Why Are These Trump Accusers Coming Out NOW?
Seems suspicious, huh? Let’s think about it.
Why don’t most women report abuse as soon as it happens to them? It’s a fair question.
Well, women who don’t report sexual and/or physical abuse (and I am one of them, though I was fortunate not to encounter the baby-fingered tiny paws of Trump) typically don’t do it because: we’re embarrassed; we think it’s our fault; we know that most cases never go to trial and even fewer result in a conviction; we don’t want to go through the scrutiny, shame and humiliation of a trial; we know that we’re not “the perfect victim” (because we are not married, monogamous, blonde, blue-eyed, white, rich, Christian, etc. or we have prior convictions or we were cheating on our husband or we were with a guy who was cheating on his girlfriend or he’s our boss or we’re his boss…the list goes on); we’re frightened he’ll do something worse to us; we’re frightened he’ll do something worse to our friends; we’re afraid he’ll hurt our children; we’re ashamed of ourselves for being strong women who would “let” a man do that to us; we’ve heard horror stories about how the police and social workers will handle the situation; we don’t have enough money for a lawyer; we are afraid we’ll be ostracized by the friends we have in common with the guy; we’re afraid we’ll be ostracized by our family or his; we are afraid we will lose a job; we’re afraid we’ll be sued for defamation of character; we’re afraid we’ll be killed.

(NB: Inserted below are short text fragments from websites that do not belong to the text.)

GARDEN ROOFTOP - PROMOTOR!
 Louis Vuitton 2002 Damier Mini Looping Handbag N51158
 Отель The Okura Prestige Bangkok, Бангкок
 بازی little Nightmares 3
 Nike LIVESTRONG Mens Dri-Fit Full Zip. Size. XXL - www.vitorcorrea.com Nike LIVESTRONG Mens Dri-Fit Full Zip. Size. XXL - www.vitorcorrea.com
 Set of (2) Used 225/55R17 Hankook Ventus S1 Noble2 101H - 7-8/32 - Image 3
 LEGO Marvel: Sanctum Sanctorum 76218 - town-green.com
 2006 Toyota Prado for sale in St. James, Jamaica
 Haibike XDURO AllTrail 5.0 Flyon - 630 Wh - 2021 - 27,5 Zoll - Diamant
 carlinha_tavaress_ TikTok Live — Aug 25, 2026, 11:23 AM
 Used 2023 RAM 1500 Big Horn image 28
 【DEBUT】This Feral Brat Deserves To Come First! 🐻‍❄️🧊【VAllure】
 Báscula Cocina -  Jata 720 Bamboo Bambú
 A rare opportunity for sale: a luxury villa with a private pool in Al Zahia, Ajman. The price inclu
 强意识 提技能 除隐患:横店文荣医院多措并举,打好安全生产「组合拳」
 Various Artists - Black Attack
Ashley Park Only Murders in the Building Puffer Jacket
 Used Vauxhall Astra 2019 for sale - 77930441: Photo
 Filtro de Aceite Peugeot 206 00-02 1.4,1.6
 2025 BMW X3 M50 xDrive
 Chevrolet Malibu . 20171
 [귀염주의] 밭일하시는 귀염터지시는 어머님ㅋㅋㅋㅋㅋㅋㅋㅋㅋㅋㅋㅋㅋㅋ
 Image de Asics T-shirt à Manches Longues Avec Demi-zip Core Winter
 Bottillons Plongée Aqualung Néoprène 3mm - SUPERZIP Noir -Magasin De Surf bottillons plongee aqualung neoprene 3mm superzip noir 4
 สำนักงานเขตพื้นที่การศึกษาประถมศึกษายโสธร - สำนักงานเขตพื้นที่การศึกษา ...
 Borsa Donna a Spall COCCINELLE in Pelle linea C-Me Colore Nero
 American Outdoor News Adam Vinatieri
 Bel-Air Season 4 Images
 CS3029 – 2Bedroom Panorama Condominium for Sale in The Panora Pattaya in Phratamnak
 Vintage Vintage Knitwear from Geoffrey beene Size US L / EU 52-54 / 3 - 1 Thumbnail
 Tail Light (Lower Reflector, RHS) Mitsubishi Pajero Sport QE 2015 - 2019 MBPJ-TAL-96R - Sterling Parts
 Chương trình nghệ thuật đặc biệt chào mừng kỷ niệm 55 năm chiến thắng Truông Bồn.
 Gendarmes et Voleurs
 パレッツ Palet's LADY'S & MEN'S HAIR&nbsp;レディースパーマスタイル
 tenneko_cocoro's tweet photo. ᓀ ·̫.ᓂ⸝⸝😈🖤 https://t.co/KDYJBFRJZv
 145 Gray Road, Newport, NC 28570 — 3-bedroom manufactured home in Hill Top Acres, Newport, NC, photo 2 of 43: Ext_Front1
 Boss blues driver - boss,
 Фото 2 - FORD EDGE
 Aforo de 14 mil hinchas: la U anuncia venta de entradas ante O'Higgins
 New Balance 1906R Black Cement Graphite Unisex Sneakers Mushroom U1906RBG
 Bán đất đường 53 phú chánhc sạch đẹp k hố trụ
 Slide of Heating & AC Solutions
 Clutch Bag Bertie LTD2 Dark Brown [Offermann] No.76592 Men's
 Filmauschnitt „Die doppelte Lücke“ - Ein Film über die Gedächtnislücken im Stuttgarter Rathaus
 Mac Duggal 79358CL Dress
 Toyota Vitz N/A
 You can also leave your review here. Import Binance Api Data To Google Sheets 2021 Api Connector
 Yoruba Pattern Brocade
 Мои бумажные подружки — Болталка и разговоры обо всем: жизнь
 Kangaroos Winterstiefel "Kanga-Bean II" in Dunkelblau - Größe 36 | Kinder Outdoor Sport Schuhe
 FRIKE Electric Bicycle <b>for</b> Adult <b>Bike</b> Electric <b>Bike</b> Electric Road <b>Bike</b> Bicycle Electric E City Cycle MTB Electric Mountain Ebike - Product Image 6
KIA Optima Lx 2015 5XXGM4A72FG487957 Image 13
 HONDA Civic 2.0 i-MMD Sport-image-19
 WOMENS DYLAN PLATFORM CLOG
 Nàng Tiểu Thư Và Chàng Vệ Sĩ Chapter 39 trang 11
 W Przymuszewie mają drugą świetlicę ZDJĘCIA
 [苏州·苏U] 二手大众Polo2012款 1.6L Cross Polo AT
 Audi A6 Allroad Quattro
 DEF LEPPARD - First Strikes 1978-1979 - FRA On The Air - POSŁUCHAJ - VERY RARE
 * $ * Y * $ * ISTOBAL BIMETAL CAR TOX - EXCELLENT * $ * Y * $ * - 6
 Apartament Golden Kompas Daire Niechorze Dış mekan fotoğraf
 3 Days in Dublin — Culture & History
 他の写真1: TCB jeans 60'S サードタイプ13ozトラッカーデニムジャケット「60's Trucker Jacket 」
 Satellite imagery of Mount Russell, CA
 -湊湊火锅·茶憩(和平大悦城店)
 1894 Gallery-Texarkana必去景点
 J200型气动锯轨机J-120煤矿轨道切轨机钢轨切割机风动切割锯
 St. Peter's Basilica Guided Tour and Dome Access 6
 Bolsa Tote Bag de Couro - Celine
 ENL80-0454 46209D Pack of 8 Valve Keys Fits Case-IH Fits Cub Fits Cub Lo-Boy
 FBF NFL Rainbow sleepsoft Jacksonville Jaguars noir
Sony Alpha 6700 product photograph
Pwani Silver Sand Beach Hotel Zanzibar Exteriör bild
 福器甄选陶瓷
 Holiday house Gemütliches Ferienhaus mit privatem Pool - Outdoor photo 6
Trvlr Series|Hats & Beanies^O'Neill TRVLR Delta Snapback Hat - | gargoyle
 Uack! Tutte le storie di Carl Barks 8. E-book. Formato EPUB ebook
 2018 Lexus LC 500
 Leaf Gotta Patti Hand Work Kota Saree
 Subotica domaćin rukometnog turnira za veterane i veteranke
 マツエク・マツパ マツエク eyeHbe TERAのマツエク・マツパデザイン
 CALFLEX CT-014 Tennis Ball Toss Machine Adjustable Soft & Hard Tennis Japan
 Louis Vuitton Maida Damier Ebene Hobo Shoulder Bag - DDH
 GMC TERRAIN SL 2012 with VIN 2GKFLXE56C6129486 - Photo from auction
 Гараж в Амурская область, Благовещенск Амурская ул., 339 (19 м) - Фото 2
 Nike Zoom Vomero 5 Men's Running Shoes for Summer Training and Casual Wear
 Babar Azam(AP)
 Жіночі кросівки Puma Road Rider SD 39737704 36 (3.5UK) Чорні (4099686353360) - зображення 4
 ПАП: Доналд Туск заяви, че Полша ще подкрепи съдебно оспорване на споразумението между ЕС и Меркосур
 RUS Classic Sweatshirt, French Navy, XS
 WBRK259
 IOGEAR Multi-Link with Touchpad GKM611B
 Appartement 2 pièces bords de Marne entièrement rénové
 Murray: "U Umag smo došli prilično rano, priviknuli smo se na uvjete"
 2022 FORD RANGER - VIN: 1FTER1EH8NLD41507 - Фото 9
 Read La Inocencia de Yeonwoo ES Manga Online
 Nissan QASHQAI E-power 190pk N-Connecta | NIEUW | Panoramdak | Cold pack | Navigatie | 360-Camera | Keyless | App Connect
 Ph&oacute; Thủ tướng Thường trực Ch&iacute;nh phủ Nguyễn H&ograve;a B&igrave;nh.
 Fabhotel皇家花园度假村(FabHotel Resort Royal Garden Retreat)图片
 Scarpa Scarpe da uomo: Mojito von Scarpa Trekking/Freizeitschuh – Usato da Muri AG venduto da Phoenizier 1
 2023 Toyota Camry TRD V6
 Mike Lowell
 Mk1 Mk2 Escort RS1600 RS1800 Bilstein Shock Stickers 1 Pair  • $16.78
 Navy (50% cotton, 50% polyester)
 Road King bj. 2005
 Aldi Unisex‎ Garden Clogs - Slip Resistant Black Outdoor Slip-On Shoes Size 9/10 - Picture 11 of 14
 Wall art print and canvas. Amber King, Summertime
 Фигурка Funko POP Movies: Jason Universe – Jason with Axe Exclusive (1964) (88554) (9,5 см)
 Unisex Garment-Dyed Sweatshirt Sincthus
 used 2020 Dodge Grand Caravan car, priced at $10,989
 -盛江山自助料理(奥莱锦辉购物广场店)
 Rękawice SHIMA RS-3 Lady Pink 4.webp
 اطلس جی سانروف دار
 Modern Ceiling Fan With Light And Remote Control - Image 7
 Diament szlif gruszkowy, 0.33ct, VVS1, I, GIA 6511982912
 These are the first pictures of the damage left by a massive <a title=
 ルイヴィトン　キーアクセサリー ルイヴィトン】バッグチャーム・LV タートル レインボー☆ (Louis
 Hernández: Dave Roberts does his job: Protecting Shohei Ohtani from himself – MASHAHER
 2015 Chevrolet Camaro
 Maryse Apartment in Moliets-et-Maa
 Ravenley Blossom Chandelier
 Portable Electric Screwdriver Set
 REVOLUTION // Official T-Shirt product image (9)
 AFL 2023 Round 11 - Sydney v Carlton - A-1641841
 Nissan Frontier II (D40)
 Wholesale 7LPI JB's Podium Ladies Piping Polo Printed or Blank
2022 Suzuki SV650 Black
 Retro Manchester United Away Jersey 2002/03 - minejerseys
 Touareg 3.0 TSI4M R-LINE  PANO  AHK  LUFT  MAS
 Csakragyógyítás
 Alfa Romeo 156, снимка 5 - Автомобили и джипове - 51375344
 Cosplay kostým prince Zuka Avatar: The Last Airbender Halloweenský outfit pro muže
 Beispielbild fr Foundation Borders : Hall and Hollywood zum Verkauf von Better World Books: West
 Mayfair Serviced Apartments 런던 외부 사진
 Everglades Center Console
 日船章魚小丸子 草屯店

And as several women reminded me today, many women do report it the first time it happens when we are little girls and guess what? We get yelled at or scolded or beaten or rejected by the folks who are supposed to defend us and protect us. So we learn to keep quiet the next time it happens.
When we do name somebody, it’s often because our fear of retribution and humiliation is finally smaller than our fear he’ll do something worse to other folks. Or, say, an entire country.